Fatal errors are signaled with stop() and force all execution of code to stop triggering an error.
Warnings are generated with warning() and display potential problems. Warnings do not stop code from executing.
Messages can also be passed using message(), which pass along information.

Bugs without warning/error

In other cases, we will have bugs in our code that don’t necessarily give a warning or an error.

How do we identify these bugs?
How can we exit a case where:
- R is running and may be stuck?
- the code won’t execute because of misaligned parenthesis, braces, brackets?

Note: NA values often return a warning message, but not always.

Exercise

surveys <- read_csv("https://math.montana.edu/shancock/data/animal_survey.csv")

Debug the following code:

surveys %>%
  filter(!is.na(weight)) %>%
  group_by(sex) %>%
  summarize(
    mean-wgt = mean(weight),
    sd_wgt = sd(weight),
    max_wgt = max(weight)
  ) %>%
  select(weight, species)

Solution

# your solution here

Solution

surveys %>%
  filter(!is.na(weight)) %>%
  group_by(sex) %>%
  select(weight, species) %>%
  summarize(
    mean_wgt = mean(weight),
    sd_wgt = sd(weight),
    max_wgt = max(weight)
  )

## # A tibble: 3 × 4
##   sex   mean_wgt sd_wgt max_wgt
##   <chr>    <dbl>  <dbl>   <dbl>
## 1 F         42.2   36.8     274
## 2 M         43.0   36.2     280
## 3 <NA>      64.7   62.2     243

Functions

Built in R Functions

To get more details in R, type ?FunctionName. This will open up a help window that displays essential characteristics of the function. For example, with the mean function the following information is shown:

Description: function for the (trimmed) arithmetic mean.

Usage: mean(x, trim = 0, na.rm = FALSE, …)

x: An R object.

trim: the fraction (0 to 0.5) of observations to be trimmed from each end of x before the mean is computed.

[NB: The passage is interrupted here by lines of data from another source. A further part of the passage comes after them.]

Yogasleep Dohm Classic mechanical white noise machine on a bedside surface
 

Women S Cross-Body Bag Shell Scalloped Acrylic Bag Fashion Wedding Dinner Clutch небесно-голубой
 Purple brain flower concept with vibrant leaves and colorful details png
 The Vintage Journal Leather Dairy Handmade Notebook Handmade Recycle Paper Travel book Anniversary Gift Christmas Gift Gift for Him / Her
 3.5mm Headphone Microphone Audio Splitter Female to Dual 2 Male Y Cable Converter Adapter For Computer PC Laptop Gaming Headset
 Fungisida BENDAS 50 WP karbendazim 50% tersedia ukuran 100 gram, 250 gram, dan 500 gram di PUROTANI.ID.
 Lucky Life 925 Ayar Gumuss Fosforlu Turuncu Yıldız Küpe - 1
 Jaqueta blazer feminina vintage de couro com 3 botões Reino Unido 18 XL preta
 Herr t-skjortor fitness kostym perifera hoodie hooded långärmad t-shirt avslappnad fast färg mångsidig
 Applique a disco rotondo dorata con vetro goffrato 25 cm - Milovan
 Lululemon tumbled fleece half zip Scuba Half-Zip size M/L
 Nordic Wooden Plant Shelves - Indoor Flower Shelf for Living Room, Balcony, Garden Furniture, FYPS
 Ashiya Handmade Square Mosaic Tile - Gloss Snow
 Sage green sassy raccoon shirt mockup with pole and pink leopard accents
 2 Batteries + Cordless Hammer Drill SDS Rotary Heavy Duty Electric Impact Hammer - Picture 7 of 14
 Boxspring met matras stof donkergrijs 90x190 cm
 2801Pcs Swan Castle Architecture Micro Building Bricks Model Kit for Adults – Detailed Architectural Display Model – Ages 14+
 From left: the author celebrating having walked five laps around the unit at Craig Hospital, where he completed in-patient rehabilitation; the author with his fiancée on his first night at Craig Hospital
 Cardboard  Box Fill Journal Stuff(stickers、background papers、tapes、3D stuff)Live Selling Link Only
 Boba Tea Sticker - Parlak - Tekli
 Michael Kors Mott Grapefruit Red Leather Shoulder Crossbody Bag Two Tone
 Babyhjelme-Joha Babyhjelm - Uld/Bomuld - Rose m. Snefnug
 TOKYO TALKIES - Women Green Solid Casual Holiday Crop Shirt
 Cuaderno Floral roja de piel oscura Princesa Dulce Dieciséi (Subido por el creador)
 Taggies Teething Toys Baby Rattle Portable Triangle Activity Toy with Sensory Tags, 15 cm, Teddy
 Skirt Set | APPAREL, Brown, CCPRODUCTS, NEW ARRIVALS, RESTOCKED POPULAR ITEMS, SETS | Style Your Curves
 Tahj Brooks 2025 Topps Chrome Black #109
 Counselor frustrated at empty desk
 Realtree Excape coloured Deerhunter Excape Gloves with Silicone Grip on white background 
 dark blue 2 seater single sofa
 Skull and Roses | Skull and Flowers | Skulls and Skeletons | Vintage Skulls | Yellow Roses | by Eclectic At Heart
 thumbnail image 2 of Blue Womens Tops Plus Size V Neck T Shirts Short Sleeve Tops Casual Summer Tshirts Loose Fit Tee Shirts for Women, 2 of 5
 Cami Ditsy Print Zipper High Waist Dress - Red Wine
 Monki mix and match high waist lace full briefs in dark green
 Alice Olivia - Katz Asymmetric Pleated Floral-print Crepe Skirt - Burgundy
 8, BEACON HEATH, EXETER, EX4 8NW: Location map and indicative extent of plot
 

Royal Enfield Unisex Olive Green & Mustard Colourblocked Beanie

na.rm: a logical value indicating whether NA values should be stripped before the computation proceeds.

Writing your own functions

Functions are a way to save elements of code to be used repeatedly.

Syntax

name_of_function <- function(arguments) {
  # Documentation
  body of function...
}

Example

RollDice <- function(num.rolls) {
  # 
  # ARGS: 
  # RETURNS: 
  sample(6, num.rolls, replace = T)
}
RollDice(2)

## [1] 1 5

Style: Functions

Opening curly brace should never go on its own line and should always be followed by a new line
Closing curly brace should always go on its own line, unless it’s followed by else
If needed, place each argument on its own line, and indent to match the opening ( of function OR double-indent (four spaces)
Space between closing ) of function arguments and start of function {

Organization: Functions

Functions should contain a comments section immediately below the function definition line. These comments should consist of

a one-sentence description;
a list of the functions arguments, denoted by Args:, with a description of each and
a description of the return value, denoted by Returns:.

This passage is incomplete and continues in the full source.